= Cristóbal Gregorio Portocarrero, 5th Count of Montijo =

Spanish nobleman, diplomat and statesman (1693–1763)

Cristóbal Gregorio Portocarrero y Funes de Villalpando (Montijo, 2 June 1693 – Madrid, 15 June 1763), 5th Count of Montijo, was a Spanish nobleman, diplomat, and statesman.

==Biography==
Cristóbal Gregorio Portocarrero y Funes de Villalpando was the son of the 4th Count of Montijo, Cristóbal Portocarrero de Guzmán, and his third wife, María Regalado Funes de Villalpando y Monroy, 4th Marchioness of Osera, Castañeda, and Ugena.

In 1704, his father died, and he inherited all his titles and the title of Grandee of Spain. This family succession coincided with the War of the Spanish Succession, in which he sided with Philip V.

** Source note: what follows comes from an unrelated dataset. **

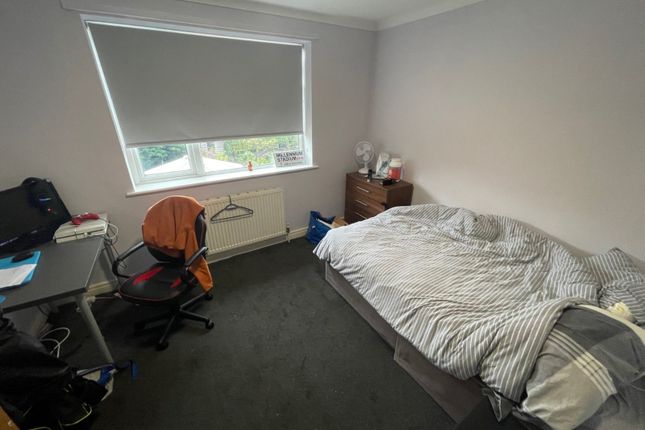 33, St. Annes Road, Leeds photo 4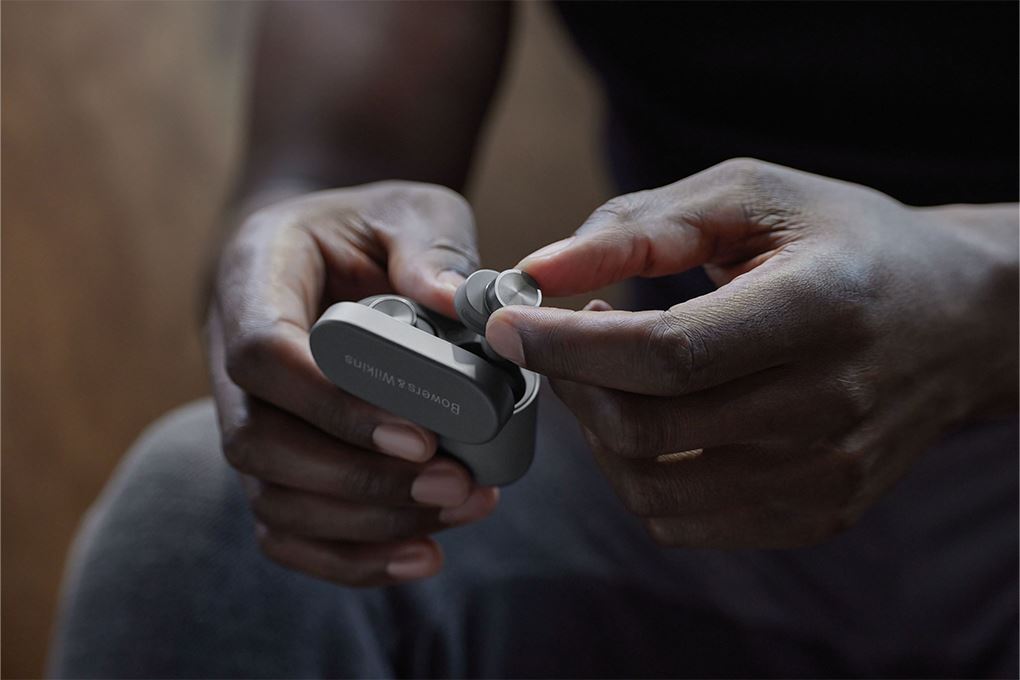 Tai nghe Bluetooth True Wireless Bowers & Wilkins Pi5 S2 Màu Đen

In the summer of 1726, he was part of the "family" retinue that accompanied the Monarchs to the new Royal Palace of La Granja de San Ildefonso. A year later, he was appointed to the position of Gentleman of the chamber of Philip V.

Between 1732 and 1735, Philip V entrusted him with the position of Spanish Ambassador in London, one of the most important embassies at the time. During this period, Spain participated in the War of the Polish Succession, in which Great-Britain remained neutral. In London he met the great tenor Carlo Broschi, better known as Farinelli, to whom he delivered a request from Queen Isabella Farnese for the castrato to come to the Spanish Court, which he accepted in 1737.

The prestige he had achieved as Ambassador in London allowed Portocarrero to become president of the Council of the Indies in 1737. He temporarily left this position to head the Spanish diplomatic delegation to the Diet of Frankfurt in 1741, where the Bavarian Charles VII Albert was elected Holy Roman Emperor, which was a successful outcome for Spain and France. Upon his return to Spain in 1744, he resumed his position as president of the Council of the Indies, and was appointed Mayordomo mayor to Queen Isabella Farnese in 1745.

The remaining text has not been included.